The true delight of old family photographs is that they can take you back in time, not just to the years of your youth, but to those impossibly distant times before you were born. Here is a photograph of a group of people posing in front of a large stone structure with a lighthouse in the background. I am able to recognise two people in the group: my grandfather, Enoch Burnett, standing on the left, and my grandmother, Harriet Ellen Burnett, standing seven places to his left. Enoch died in December 1948, a few months after I was born, so the photograph was probably taken somewhere around 1946 or 1947, when travel was starting up again after the end of the war.
The occasion was probably an outing from one of the local chapel groups to the seaside. With other branches of my family, I might be tempted to suggest it was a pub or working men’s club outing, but not with Enoch and Harriet, and the group has a decidedly sober appearance. Some years ago, I managed to work out the location of the photograph, and it was the popular seaside resort of New Brighton. This should not be confused with fashionable Brighton, which was on the East Sussex coast; this was on the banks of the River Mersey, a mile or so from Birkenhead and just across the river from Liverpool.
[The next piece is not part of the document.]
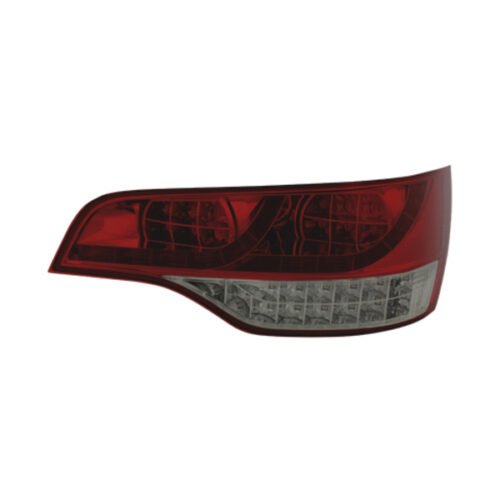 AUDI Q7 05-09 RED/SMOKE+LED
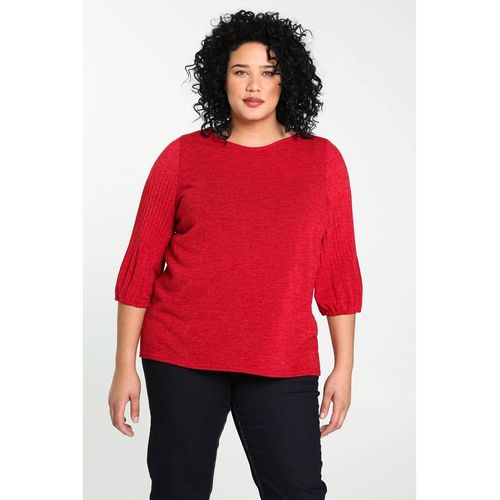 Paprika Longsleeve in Rot - 50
New Brighton was a popular destination for bus trips from East Lancashire and West Yorkshire; I can recall many of my childhood holidays at one or more boarding houses in the town. Enoch and Harriet lived all their lives in the Great Horton district of Bradford, so it seems likely that the group was from there. It’s sad to think that this is Enoch in his final months of life. Comparing the photographs with others I have of him, it is almost a though some of the life has already been drained out of him. Harriet lived for another ten years after this photograph was taken, and I have more formed memories of her. For Enoch, however, my memories are constructed from oft-told family stories and images such as this one of an outing to New Brighton.

This photo must have been taken a year or two before I was born. That’s my grandfather, Enoch Burnett, on the left, and my grandmother, Harriet Ellen, seven to his left. It was taken in New Brighton, just across the water from Liverpool. And Liverpool is where I am heading for a few days. Perhaps I will go in search of the spot where Enoch stood.